The most discussed before is the read buffer. It loads the data into memory before it is used. There is also a write cache in the database, which accumulates data stores that have been manipulated multiple times and writes to disk files at once. Reduce frequent access to disk IO (database bottlenecks in I/O).

Keep in mind that paging data is stored in the fast cache rather than the line data in people's intuitive impressions. Suppose that a page of data in the cache has been altered and not saved to disk, which is called a "dirty page." There are several strategy algorithms that can evaluate the best time to write dirty page data to disk, which is also strongly related to things (the transaction is what will be expanded in the next section).

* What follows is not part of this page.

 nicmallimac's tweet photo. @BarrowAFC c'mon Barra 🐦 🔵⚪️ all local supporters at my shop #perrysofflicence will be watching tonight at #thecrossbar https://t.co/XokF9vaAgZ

Translated "How does a relational" other chapters link:
1. How relational databases work-time complexity: http://blog.csdn.net/ylforever/article/details/51205332
2. How relational databases work-merge sort: http://blog.csdn.net/ylforever/article/details/51216916
3. Relational database working principle-data structure: http://blog.csdn.net/ylforever/article/details/51278954
4. How relational databases work-Fast cache: http://blog.csdn.net/ylforever/article/details/50990121
5. How relational databases work-transaction management (i): http://blog.csdn.net/ylforever/article/details/51048945
6. How relational databases work-transaction management (b): http://blog.csdn.net/ylforever/article/details/51082294

How relational databases work-fast caching (translated from Coding-geek articles)

Contact Us

The content source of this page is from Internet, which doesn't represent Alibaba Cloud's opinion; products and services mentioned on that page don't have any relationship with Alibaba Cloud. If the content of the page makes you feel confusing, please write us an email, we will handle the problem within 5 days after receiving your email.

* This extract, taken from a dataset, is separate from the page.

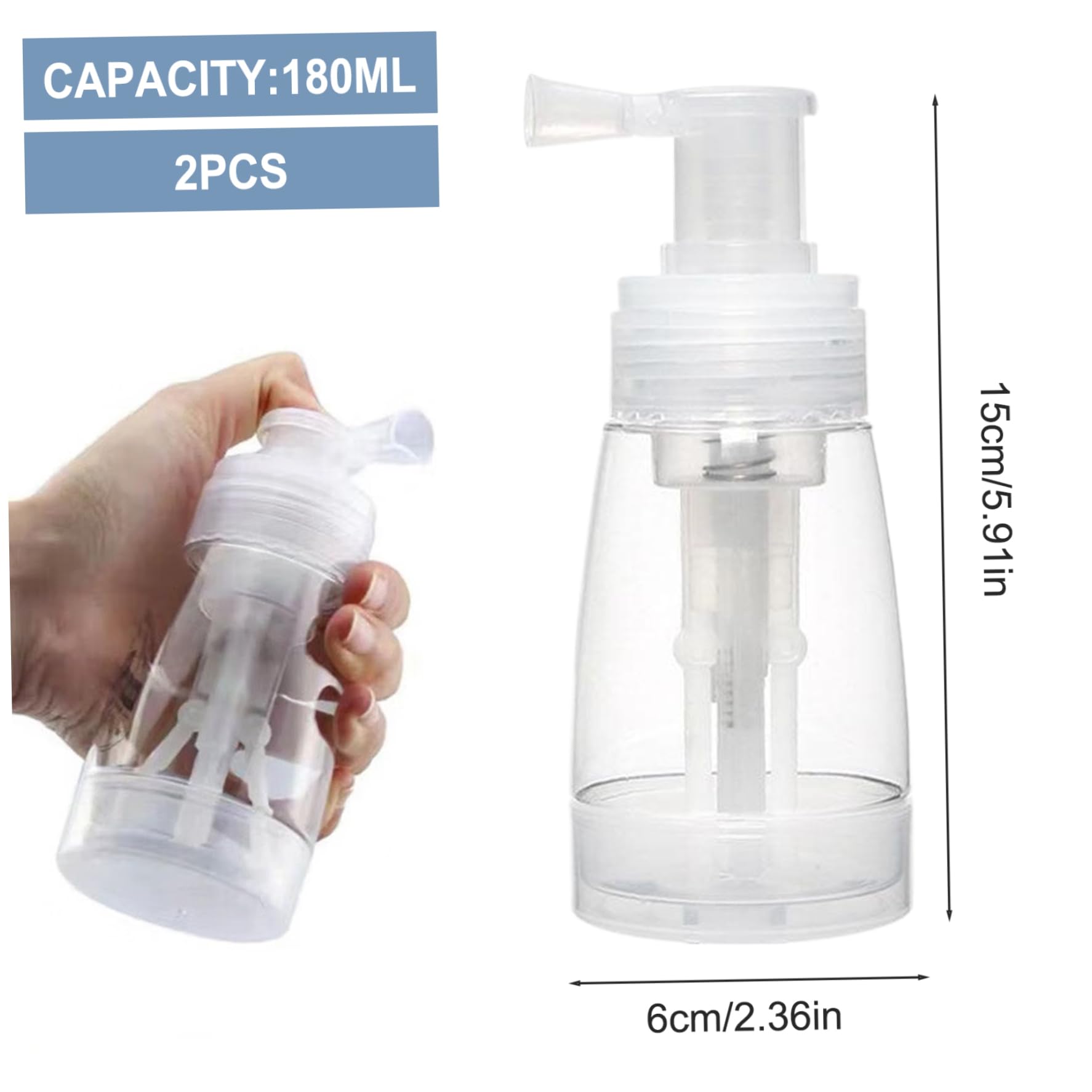 Lot de 2 flacons pulvérisateurs de poudre distributeur de poudre portable de 180 ml avec buse convergente distribution uniforme de la poudre en spray pour poudre pour bébé poudre pour le corps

If you find any instances of plagiarism from the community, please send an email to: info-contact@alibabacloud.com and provide relevant evidence. A staff member will contact you within 5 working days.

A Free Trial That Lets You Build Big!

Start building with 50+ products and up to 12 months usage for Elastic Compute Service

  • Sales Support

    1 on 1 presale consultation

  • After-Sales Support

    24/7 Technical Support 6 Free Tickets per Quarter Faster Response

  • Alibaba Cloud offers highly flexible support services tailored to meet your exact needs.